They also don't seem to think it necessary to leave a note or anything that this was their decision.

They fixed it, then the line was cut by the lawnmower by accident.

Then it took them almost a week to come and fix it again, and, lo and behold, they again left it running across the ground and left no note, but this time they took the extra step of marking the gas line with little orange flags before they went away.

It has now been four days since they did that.

I'm wondering if they are going to come and bury it or not.

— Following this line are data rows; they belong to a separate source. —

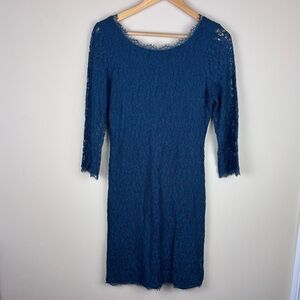 Babaton Aritzia Rafael 3/4 Sleeve Teal Lace‎ Sheath Dress Size 10 Wedding Guest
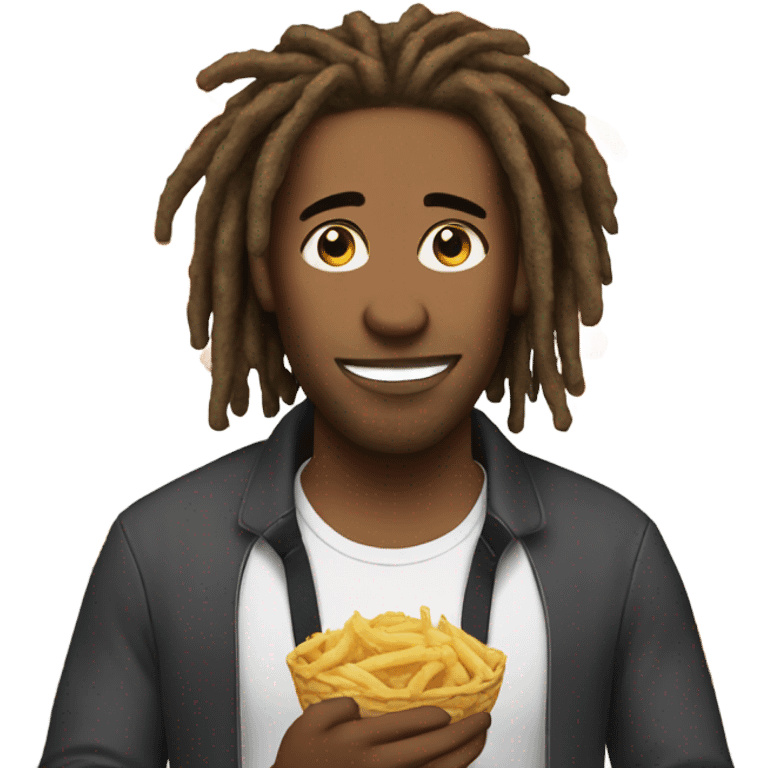  guy with dreads eating fried chicken emoji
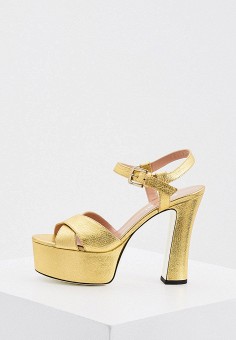 Босоножки, Pollini, цвет: золотой. Артикул: RTLAAK745301. Premium / Обувь / Босоножки / Pollini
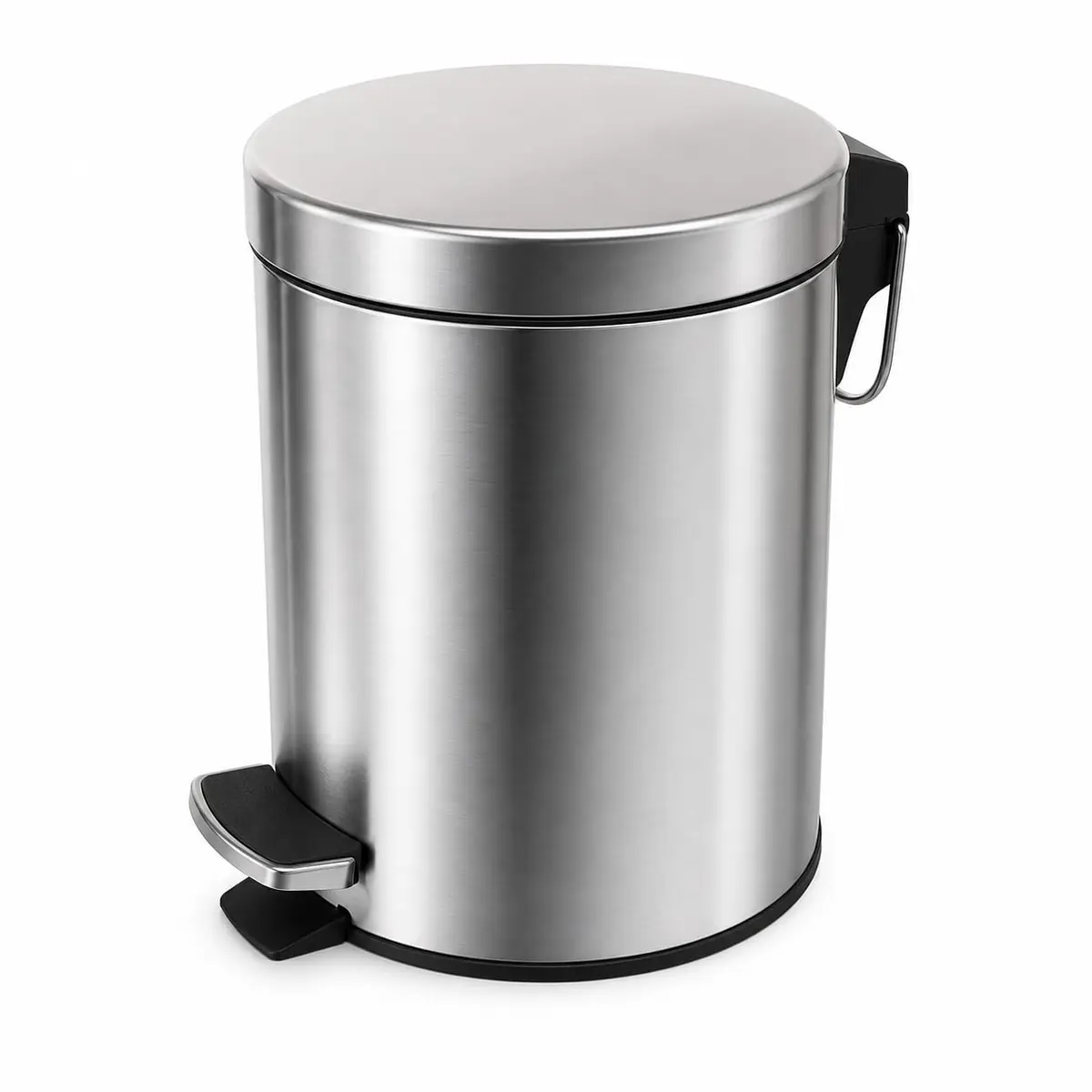 Lixeira Inox com Pedal 5 Litros | Balde Interno Removível | Tampa com Abertura Suave | Compacta e Moderna para Banheiro, Cozinha e Escritório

But, the moral of the story is that the phone works again, for now.

Friday, April 22, 2005


Been gone for awhile and am just getting used to what are seemingly blindingly fast connection speeds after a lengthy period of using a noisy phone line that tended to lose signal. Also the hillbilly phone company installed a folgers can at the end of my line instead of the old campbell's soup can, so the internets have a much larger hole to flow through.

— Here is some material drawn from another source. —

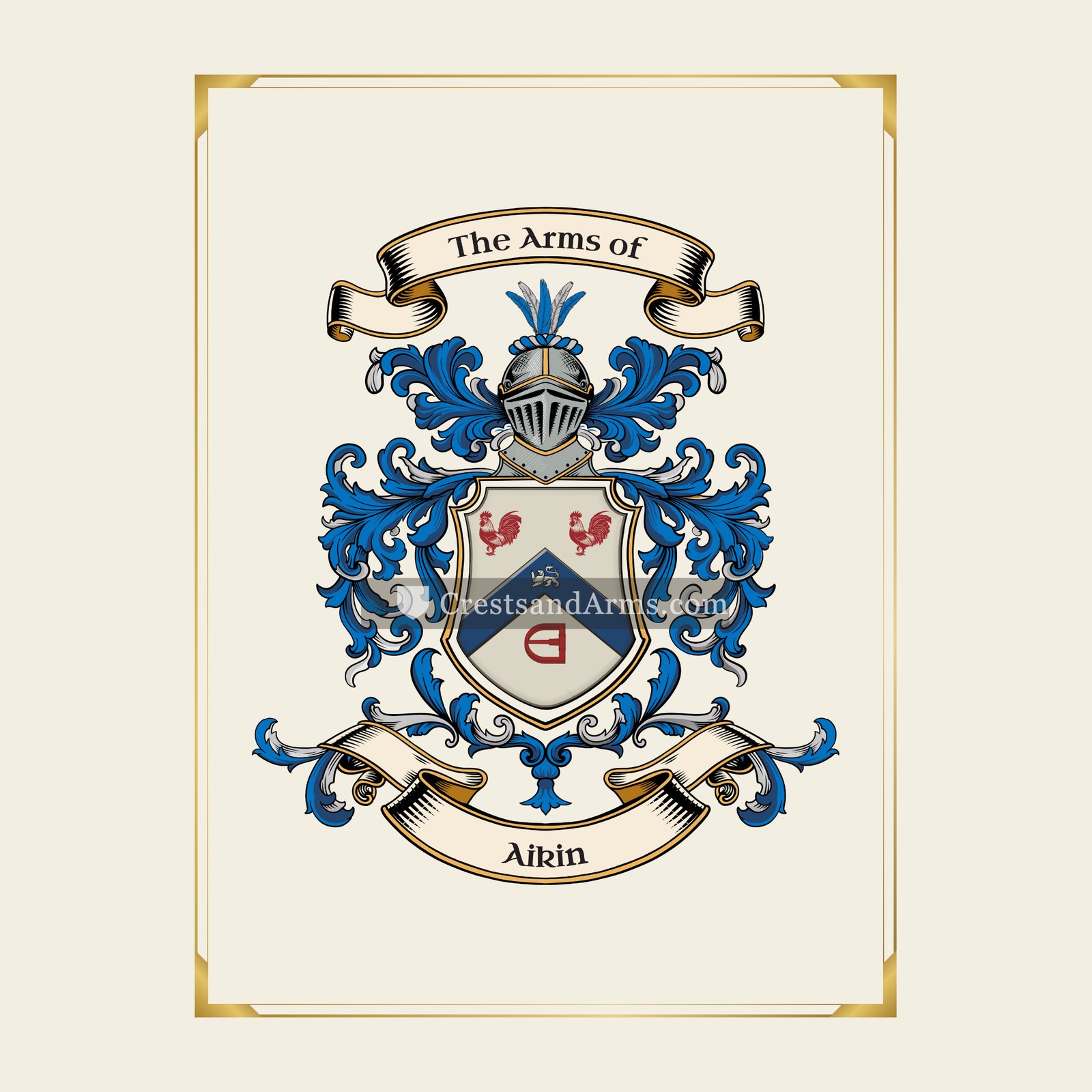 With gold border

Hopefully this will inspire more of the typing of thoughts that the occasional person reads.


First off I know what you all (except Tommy) have been asking yourselves, "What does Bill think of the current direction of the wrestling world?"

Well, I'm glad you asked, I think there is a discernible lack of direction guiding the only to American Wrestling companies worth talking about. The WWE has too many Ortons and no idea what they are doing, and are afraid to break Batista's push by actually letting him do anything, and TNA is still being booked by Dusty Rhodes, who thinks it is a good idea to run a pay-per view that consists of eight cage matches.

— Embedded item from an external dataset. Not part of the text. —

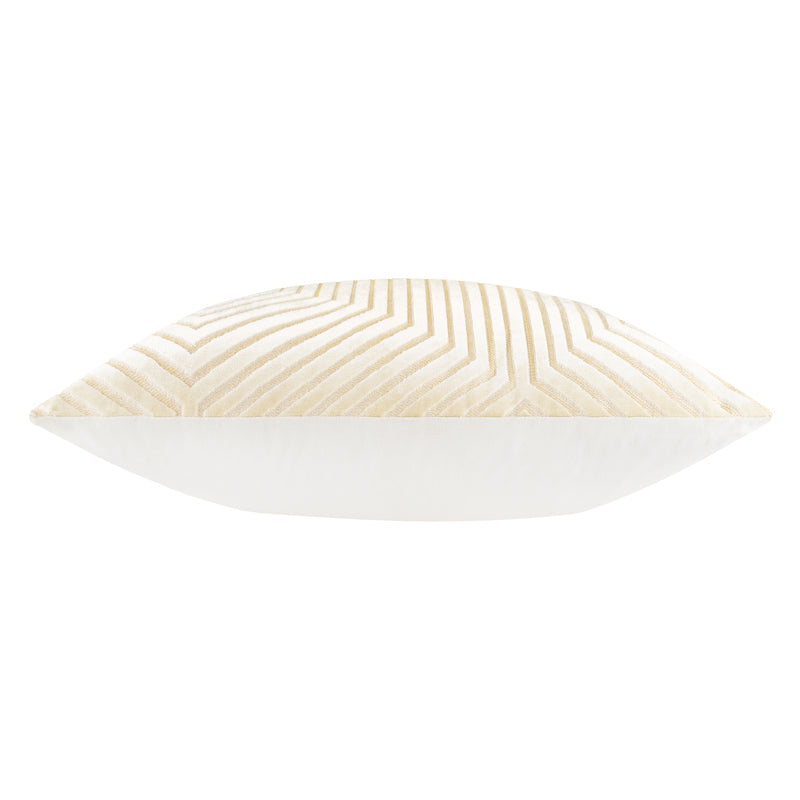 Geometric Cream Cushions  - Evoke Cut Velvet Cushion Cover Ivory Paoletti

I long for the next Evolution in wrestling (or just a return to plausible storytelling, backed by solid ring action)

Do the WWE just want to kill their women's division again, or are they so delusional that they think they are re-building with all the Diva Search nonsense?

Bad, bad WWE for releasing Matt Hardy.


Sin City is brilliant. You will either love it or hate it, there is no possible middle ground that I can see.


I begin a new job on Monday with training at another store. Huzzah for switching jobs every three to four months!


I should be updating the Read List at some point, though at this point I am about twenty books past the last update, and likely won't remember them all.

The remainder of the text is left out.